Unfortunately I'm a bit confused with the process I should follow.Concept of time series is quite new for me so I'm looking for something simple.

I have a variable Y that I want to express by the lags of several other variables X1,...X4. It seems that the R-package dynlm is well adapted for this kind of model.

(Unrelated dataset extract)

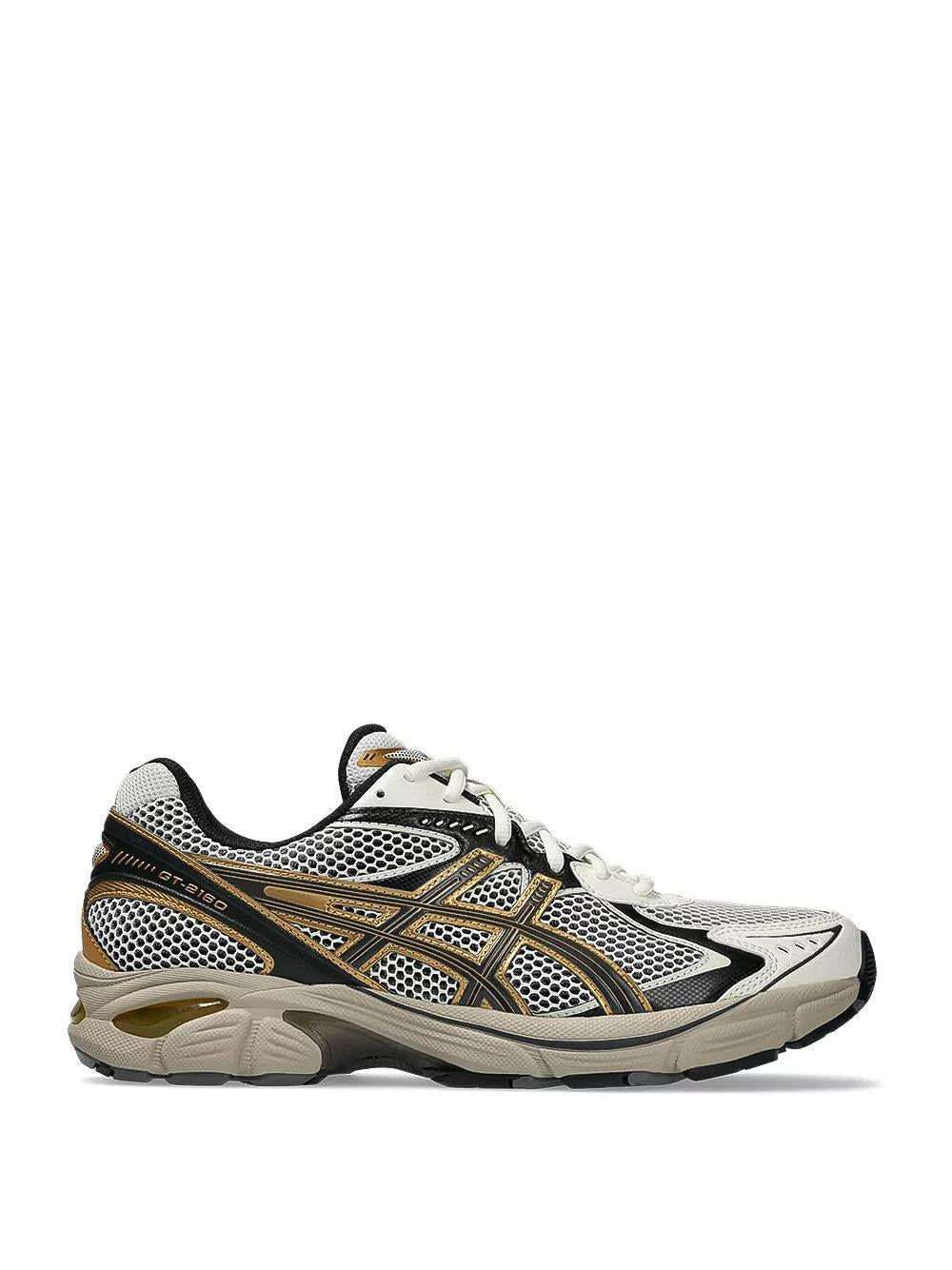 Asics GT-2160 1203A275 114 Asics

At the end, I would like to have this kind of relation :

what I want

So I would like to ascertain which lags of my exogeneous variables are significant for modeling Y. I first thought using cross-correlation (ccf() in R) but after browsing on CrossValidated, it seems that this is not that simple.

Indeed, all of my variables except one(X3) are not stationary. I could difference all of them but how can I then interpret the results ?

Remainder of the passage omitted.